Sie fragt nicht und ich bin erleichtert, als ich meine Startunterlagen aus Neuhaus hole. Schließlich habe ich noch den voll gelaufenen Hamburg-Marathon von vor 3 Wochen in den Knochen, welcher mir über eine ganze Woche einen höllischen Muskelkater beschehrte, wie ich ihn nie zuvor erlebt habe. Es folgte der RunBerlin mit seinen 25 Kilometern und am Wochenende vor dem Rennsteig noch der Frauenlauf in Berlin. So ist es wohl besser, lieber etwas Spaß zu haben und zu genießen, auch wenn ich schon wieder ehrgeizig auf die Sub4 schiele.
Wolfgang (elcorredor) ging das genau so und so beschlossen wir zu meiner Freude: Spaß wollen wir und wenn wir Sub4 dazu gratis bekommen können, nehmen wir das natürlich dankend als Zugabe.
Es ist Samstag kurz vor 9 Uhr, wir stehen schunkelnd und singend am Start, der Hubschrauber kreist am strahlend blauen Himmel – es verspricht ein Bilderbuchwetter zu werden. Ich freu mich auf den Lauf, die Landschaft, ich freu mich auf die Begleitung von Wolfgang und überhaupt. Meine Marschtabelle vom Vorjahr ist noch gültig, denn sie hatte eine Zeitspanne von 4:30 bis 3:59 und im letzten Jahr bin ich mit Tati bei 4:25 ins Ziel gejubelt.

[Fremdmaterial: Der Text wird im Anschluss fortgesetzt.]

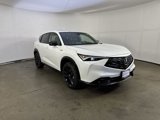 New 2025 Acura ADX A-Spec image 3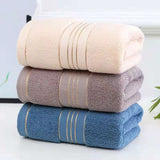 Towels made of pure cotton, soft towels, facial cleansers - V.I.P Digital Presence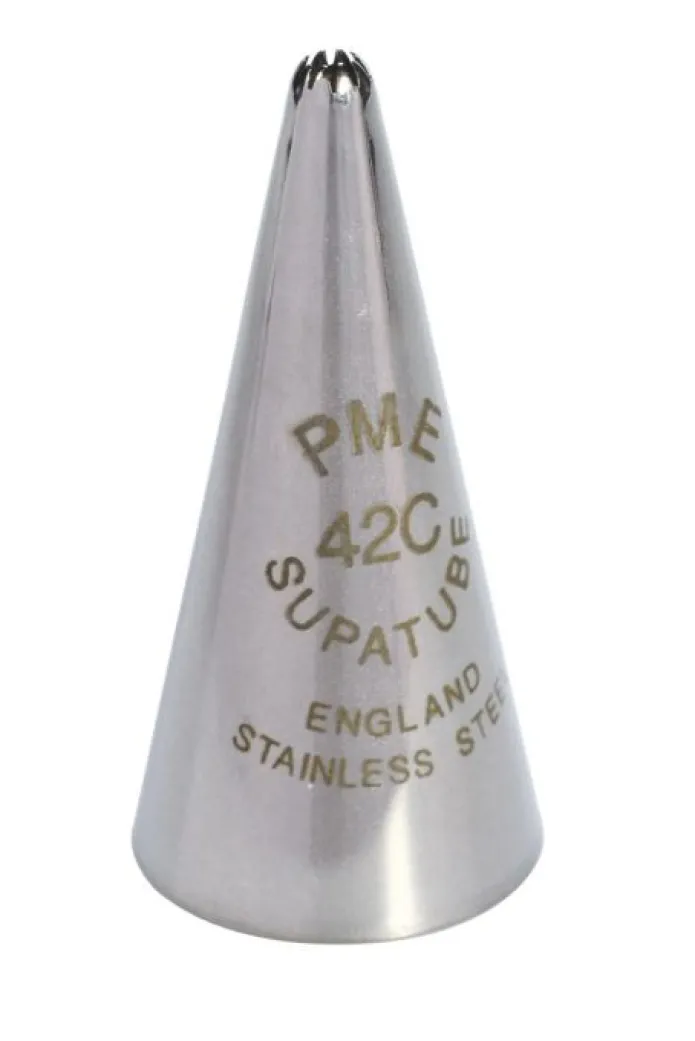 Boquilla nº 42C - PME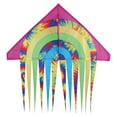 thumbnail image 2 of Premier Designs 56" Stream Delta Kite, Tie Dye, 2 of 2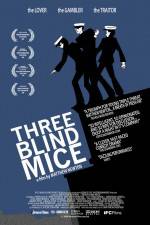 Watch Three Blind Mice Moviesjoy
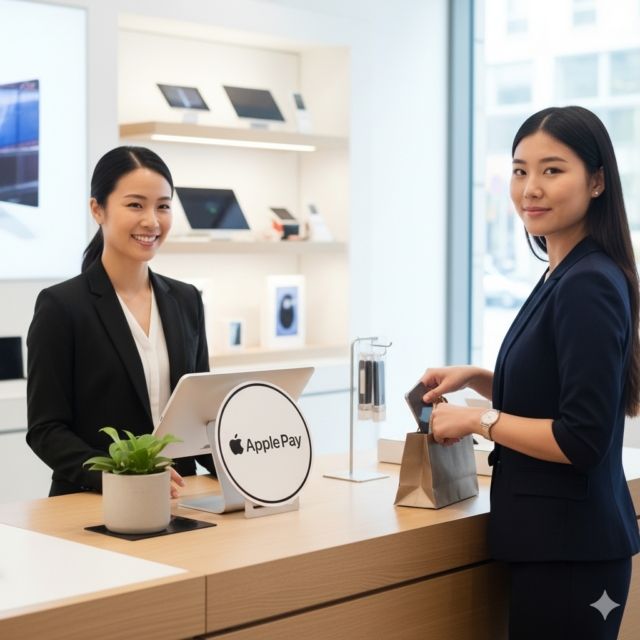 Apple Pay คืออะไร? เจาะลึกประโยชน์ และความเหมาะกับไลฟ์สไตล์ยุคใหม่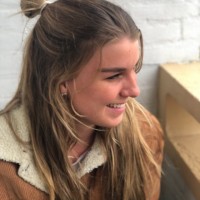 Simone Van Der Pol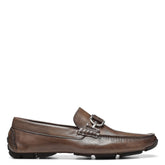 DACIO DRIVER | Men Donald Pliner Shoes Dark Grey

Und auch diesmal macht es richtig Spaß , die Aussicht ist phantastisch, das Tempo angenehm, bergauf ist es anstrengend, bergab ein Freudenfeuer...Wir sind ein gutes Team, Wolfgang und ich, ein paar Minuten haben wir Vorsprung auf die Tabelle, manchmal nehmen wir ein bischen Tempo heraus, aber das fällt eigentlich schwer, da es wirklich so richtig gut läuft...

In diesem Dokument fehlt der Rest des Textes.